Re: what's better for in memory searching?

2012-06-11 Thread Li Li
I have roughly read the codes of RAMDirectory. it use a list of 1024
byte arrays and many overheads.
But as far as I know, using MMapDirectory, I can't prevent the page
faults. OS will swap less frequent pages out. Even if I allocate
enough memory for JVM, I can guarantee all the files in the directory
are in memory. am I understanding right? if it is, then some less
frequent queries will be slow.  How can I let them always in memory?

On Fri, Jun 8, 2012 at 5:53 PM, Lance Norskog goks...@gmail.com wrote:
 Yes, use MMapDirectory. It is faster and uses memory more efficiently
 than RAMDirectory. This sounds wrong, but it is true.

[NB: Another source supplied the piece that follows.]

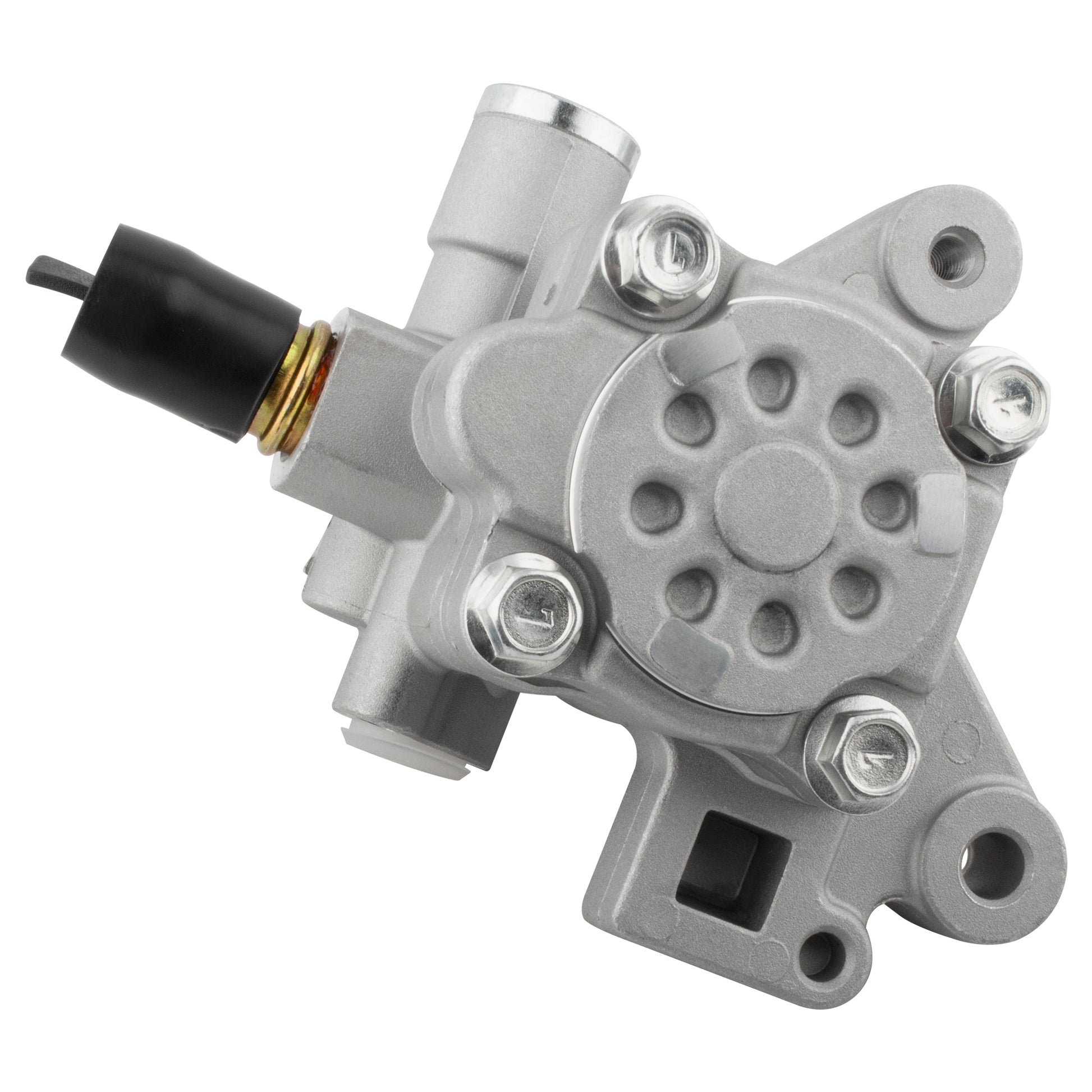 BOXI Power Steering Pump Fits for Honda Accord 1998 1999 2000 2001 2002 2.3L — product photo 4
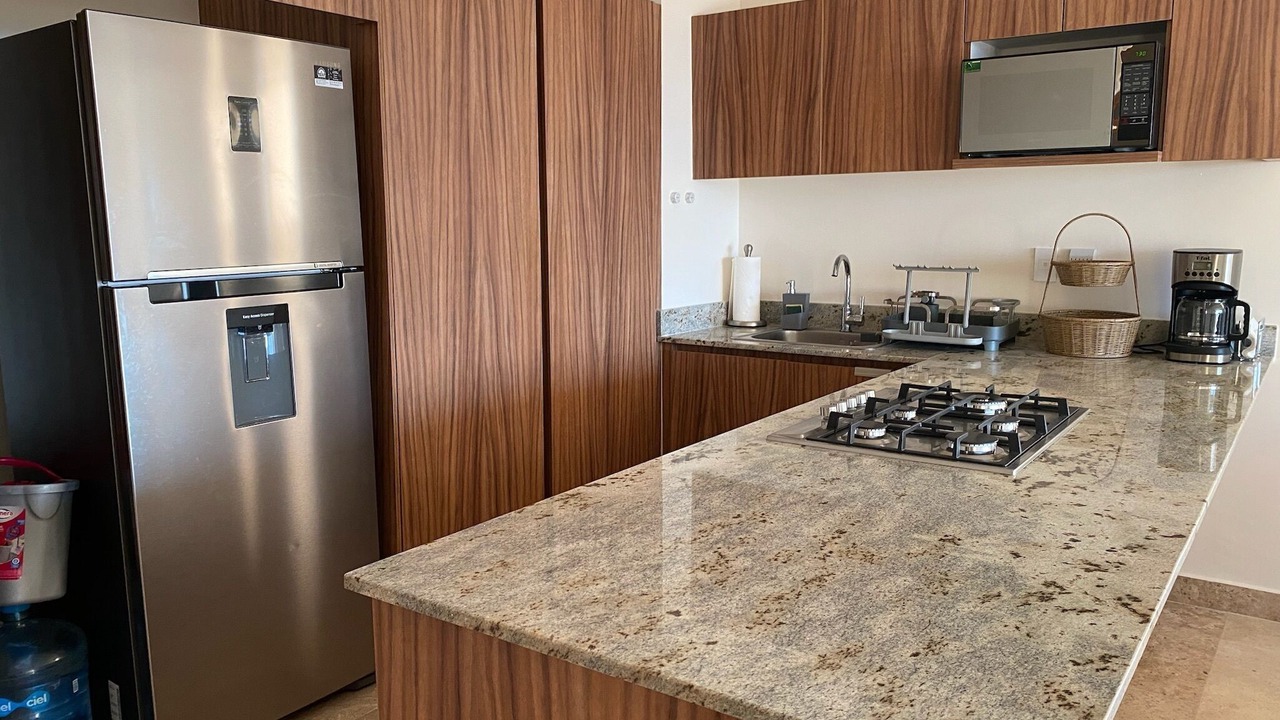 Photo of Kitchen in Boca del Rio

With
 RAMDirectory, Java has to work harder doing garbage collection.

 On Fri, Jun 8, 2012 at 1:30 AM, Li Li fancye...@gmail.com wrote:
 hi all
   I want to use lucene 3.6 providing searching service. my data is
 not very large, raw data is less that 1GB and I want to use load all
 indexes into memory. also I need save all indexes into disk
 persistently.
   I originally want to use RAMDirectory. But when I read its javadoc.

   Warning: This class is not intended to work with huge indexes.
 Everything beyond several hundred megabytes
  will waste resources (GC cycles), because it uses an internal buffer
 size of 1024 bytes, producing millions of byte
  [1024] arrays. This class is optimized for small memory-resident
 indexes. It also has bad concurrency on
  multithreaded environments.
 It is recommended to materialize large indexes on disk and use
 MMapDirectory, which is a high-performance
  directory implementation working directly on the file system cache of
 the operating system, so copying data to
  Java heap space is not useful.

    should I use MMapDirectory? it seems another contrib instantiated.
 anyone test it with RAMDirectory?



 --
 Lance Norskog
 goks...@gmail.com


Re: what's better for in memory searching?

2012-06-11 Thread Michael Kuhlmann
Set the swapiness to 0 to avoid memory pages being swapped to disk too 
early.


http://en.wikipedia.org/wiki/Swappiness

-Kuli

Am 11.06.2012 10:38, schrieb Li Li:

I have roughly read the codes of RAMDirectory. it use a list of 1024
byte arrays and many overheads.
But as far as I know, using MMapDirectory, I can't prevent the page
faults. OS will swap less frequent pages out. Even if I allocate
enough memory for JVM, I can guarantee all the files in the directory
are in memory. am I understanding right? if it is, then some less
frequent queries will be slow.  How can I let them always in memory?

On Fri, Jun 8, 2012 at 5:53 PM, Lance Norskoggoks...@gmail.com  wrote:

Yes, use MMapDirectory. It is faster and uses memory more efficiently
than RAMDirectory. This sounds wrong, but it is true. With
RAMDirectory, Java has to work harder doing garbage collection.

On Fri, Jun 8, 2012 at 1:30 AM, Li Lifancye...@gmail.com  wrote:

hi all
   I want to use lucene 3.6 providing searching service. my data is
not very large, raw data is less that 1GB and I want to use load all
indexes into memory. also I need save all indexes into disk
persistently.
   I originally want to use RAMDirectory. But when I read its javadoc.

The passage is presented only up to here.